## ENTRIES SUPPLIED:
◆ ◆ ◆ ◆

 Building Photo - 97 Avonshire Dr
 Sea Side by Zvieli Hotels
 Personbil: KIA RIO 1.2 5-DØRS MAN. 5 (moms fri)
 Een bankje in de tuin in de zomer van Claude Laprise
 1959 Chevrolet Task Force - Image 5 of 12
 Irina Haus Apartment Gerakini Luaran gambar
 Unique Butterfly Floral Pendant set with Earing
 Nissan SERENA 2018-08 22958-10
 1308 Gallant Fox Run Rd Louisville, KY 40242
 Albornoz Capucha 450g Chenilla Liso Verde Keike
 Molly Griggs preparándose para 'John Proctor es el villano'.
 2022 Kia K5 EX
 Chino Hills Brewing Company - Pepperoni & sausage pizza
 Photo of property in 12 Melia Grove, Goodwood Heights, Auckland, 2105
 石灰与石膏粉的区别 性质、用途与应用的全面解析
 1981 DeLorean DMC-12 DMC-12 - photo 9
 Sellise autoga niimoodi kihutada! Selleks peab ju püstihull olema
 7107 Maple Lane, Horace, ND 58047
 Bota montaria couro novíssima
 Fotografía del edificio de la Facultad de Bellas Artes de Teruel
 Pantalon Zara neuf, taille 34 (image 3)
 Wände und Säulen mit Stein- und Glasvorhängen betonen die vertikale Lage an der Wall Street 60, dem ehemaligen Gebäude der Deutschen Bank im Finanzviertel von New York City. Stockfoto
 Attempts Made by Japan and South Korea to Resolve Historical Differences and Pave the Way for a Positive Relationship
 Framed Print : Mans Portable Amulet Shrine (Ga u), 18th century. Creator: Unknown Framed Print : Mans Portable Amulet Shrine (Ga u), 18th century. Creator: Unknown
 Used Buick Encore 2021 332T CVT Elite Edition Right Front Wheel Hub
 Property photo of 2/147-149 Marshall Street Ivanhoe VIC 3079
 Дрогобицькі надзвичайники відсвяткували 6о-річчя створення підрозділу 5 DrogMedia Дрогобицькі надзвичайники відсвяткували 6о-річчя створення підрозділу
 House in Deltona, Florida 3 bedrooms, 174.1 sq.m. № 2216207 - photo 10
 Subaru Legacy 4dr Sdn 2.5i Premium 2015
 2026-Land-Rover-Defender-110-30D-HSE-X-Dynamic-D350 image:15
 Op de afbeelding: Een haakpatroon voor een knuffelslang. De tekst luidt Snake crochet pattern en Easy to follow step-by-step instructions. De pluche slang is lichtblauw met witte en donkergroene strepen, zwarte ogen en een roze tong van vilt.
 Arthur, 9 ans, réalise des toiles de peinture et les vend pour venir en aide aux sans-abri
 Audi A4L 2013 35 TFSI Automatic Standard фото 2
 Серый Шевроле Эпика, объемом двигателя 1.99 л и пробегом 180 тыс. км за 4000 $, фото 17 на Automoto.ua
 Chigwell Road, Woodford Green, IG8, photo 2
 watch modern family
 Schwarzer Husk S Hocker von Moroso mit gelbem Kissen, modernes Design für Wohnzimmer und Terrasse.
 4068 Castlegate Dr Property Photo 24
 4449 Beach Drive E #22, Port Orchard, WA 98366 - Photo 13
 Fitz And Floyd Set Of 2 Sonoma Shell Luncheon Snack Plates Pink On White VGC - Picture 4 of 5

◆ ◆ ◆ ◆

Copy all data exactly, start to finish.

 Building Photo - 97 Avonshire Dr
 Sea Side by Zvieli Hotels
 Personbil: KIA RIO 1.2 5-DØRS MAN. 5 (moms fri)
 Een bankje in de tuin in de zomer van Claude Laprise
 1959 Chevrolet Task Force - Image 5 of 12
 Irina Haus Apartment Gerakini Luaran gambar
 Unique Butterfly Floral Pendant set with Earing
 Nissan SERENA 2018-08 22958-10
 1308 Gallant Fox Run Rd Louisville, KY 40242
 Albornoz Capucha 450g Chenilla Liso Verde Keike
 Molly Griggs preparándose para 'John Proctor es el villano'.
 2022 Kia K5 EX
 Chino Hills Brewing Company - Pepperoni & sausage pizza
 Photo of property in 12 Melia Grove, Goodwood Heights, Auckland, 2105
 石灰与石膏粉的区别 性质、用途与应用的全面解析
 1981 DeLorean DMC-12 DMC-12 - photo 9
 Sellise autoga niimoodi kihutada! Selleks peab ju püstihull olema
 7107 Maple Lane, Horace, ND 58047
 Bota montaria couro novíssima
 Fotografía del edificio de la Facultad de Bellas Artes de Teruel
 Pantalon Zara neuf, taille 34 (image 3)
 Wände und Säulen mit Stein- und Glasvorhängen betonen die vertikale Lage an der Wall Street 60, dem ehemaligen Gebäude der Deutschen Bank im Finanzviertel von New York City. Stockfoto
 Attempts Made by Japan and South Korea to Resolve Historical Differences and Pave the Way for a Positive Relationship
 Framed Print : Mans Portable Amulet Shrine (Ga u), 18th century. Creator: Unknown Framed Print : Mans Portable Amulet Shrine (Ga u), 18th century. Creator: Unknown
 Used Buick Encore 2021 332T CVT Elite Edition Right Front Wheel Hub
 Property photo of 2/147-149 Marshall Street Ivanhoe VIC 3079
 Дрогобицькі надзвичайники відсвяткували 6о-річчя створення підрозділу 5 DrogMedia Дрогобицькі надзвичайники відсвяткували 6о-річчя створення підрозділу
 House in Deltona, Florida 3 bedrooms, 174.1 sq.m. № 2216207 - photo 10
 Subaru Legacy 4dr Sdn 2.5i Premium 2015
 2026-Land-Rover-Defender-110-30D-HSE-X-Dynamic-D350 image:15
 Op de afbeelding: Een haakpatroon voor een knuffelslang. De tekst luidt Snake crochet pattern en Easy to follow step-by-step instructions. De pluche slang is lichtblauw met witte en donkergroene strepen, zwarte ogen en een roze tong van vilt.
 Arthur, 9 ans, réalise des toiles de peinture et les vend pour venir en aide aux sans-abri
 Audi A4L 2013 35 TFSI Automatic Standard фото 2
 Серый Шевроле Эпика, объемом двигателя 1.99 л и пробегом 180 тыс. км за 4000 $, фото 17 на Automoto.ua
 Chigwell Road, Woodford Green, IG8, photo 2
 watch modern family
 Schwarzer Husk S Hocker von Moroso mit gelbem Kissen, modernes Design für Wohnzimmer und Terrasse.
 4068 Castlegate Dr Property Photo 24
 4449 Beach Drive E #22, Port Orchard, WA 98366 - Photo 13
 Fitz And Floyd Set Of 2 Sonoma Shell Luncheon Snack Plates Pink On White VGC - Picture 4 of 5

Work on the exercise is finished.